A massively parallel pentago solver
This project implements a strong solution of the board game pentago, which means that perfect play can be efficiently computed starting from any position. The results can be explored at http://perfect-pentago.net. Some high level details are described at http://perfect-pentago.net/details.html.
In the quest towards a strong solution, a total of five separate engines were implemented, three forward tree search engines and two backwards endgame engines. The final strong solution uses only the backwards engines, but the strongest forward engine was essential in developing and testing the backwards engines. Descriptions of the various engines are given below.
The easiest interface to the strong solution is the website at
http://perfect-pentago.net, implemented in the web
directory.
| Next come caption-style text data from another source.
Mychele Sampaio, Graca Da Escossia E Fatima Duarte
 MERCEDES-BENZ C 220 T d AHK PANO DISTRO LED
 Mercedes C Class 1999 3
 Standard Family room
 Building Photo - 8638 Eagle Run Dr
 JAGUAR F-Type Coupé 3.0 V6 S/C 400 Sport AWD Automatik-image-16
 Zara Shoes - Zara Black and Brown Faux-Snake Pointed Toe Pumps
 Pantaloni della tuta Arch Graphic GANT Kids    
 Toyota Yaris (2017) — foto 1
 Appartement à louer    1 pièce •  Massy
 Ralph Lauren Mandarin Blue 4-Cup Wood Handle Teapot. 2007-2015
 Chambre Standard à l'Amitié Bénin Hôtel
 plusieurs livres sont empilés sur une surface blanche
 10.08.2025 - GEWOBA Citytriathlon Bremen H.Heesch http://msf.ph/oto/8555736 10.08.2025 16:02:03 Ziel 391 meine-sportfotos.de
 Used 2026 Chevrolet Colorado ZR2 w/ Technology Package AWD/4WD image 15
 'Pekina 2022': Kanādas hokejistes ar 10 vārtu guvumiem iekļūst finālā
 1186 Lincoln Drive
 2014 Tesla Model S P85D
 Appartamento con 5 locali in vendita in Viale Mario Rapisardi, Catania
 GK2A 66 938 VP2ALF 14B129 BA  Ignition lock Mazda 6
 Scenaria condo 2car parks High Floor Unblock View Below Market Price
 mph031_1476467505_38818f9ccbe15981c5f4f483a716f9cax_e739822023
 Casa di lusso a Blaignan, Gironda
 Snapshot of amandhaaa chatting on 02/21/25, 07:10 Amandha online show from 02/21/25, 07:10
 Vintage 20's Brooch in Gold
To compute perfect
play for a given position, the backend server looks up the answer in a 4 TB database
for positions with 17 or fewer stones or computes the answer from scratch using the
small scale backwards engine.
The pentago code is released under a BSD license, and the 4 TB data set has been released into the public domain for anyone who wants to tinker around. The data set is generously hosted by Rackspace. If you want links to download the data, see below.
For background on the complexity of pentago and the applicability of a variety of solution algorithms, see Niklas Buscher's 2011 thesis "On Solving Pentago", which analyzed the game but did not solve it.
I will be writing up additional details of the application in paper form soon.
The code is C++, with node.js for the backend server. The main dependencies are
Bazel handles a few extra dependencies automatically (see WORKSPACE
for details).
On Mac:
# Install dependencies
brew install bazel openmpi node
# Build and test C++
bazel test -c opt --copt=-march=native ...
# Build and test node.js server
cd web/server
npm install
node unit.js all
# Build frontend webpage
cd web/client
make public
On Ubuntu: to be written once I have clean Bazel handling of MPI.
The website https://perfect-pentago.net is a static Firebase frontend that talks to a node.js Google Cloud Function. To test and deploy the server:
cd web/server
node unit.js all
./deploy
To deploy the client:
cd pentago/web/client
brew install llvm
npm install
npm run deploy
The first forward engine was a naive alpha-beta tree search code, plus a few pentago specific optimizations. Performance was dismal: the code reached only to 4 or 5 ply (here one ply means the combination of stone placement and quadrant rotation). The problem was branching factor, which starts out at a frightening 288 possible first moves (36 empty spots times 8 rotations).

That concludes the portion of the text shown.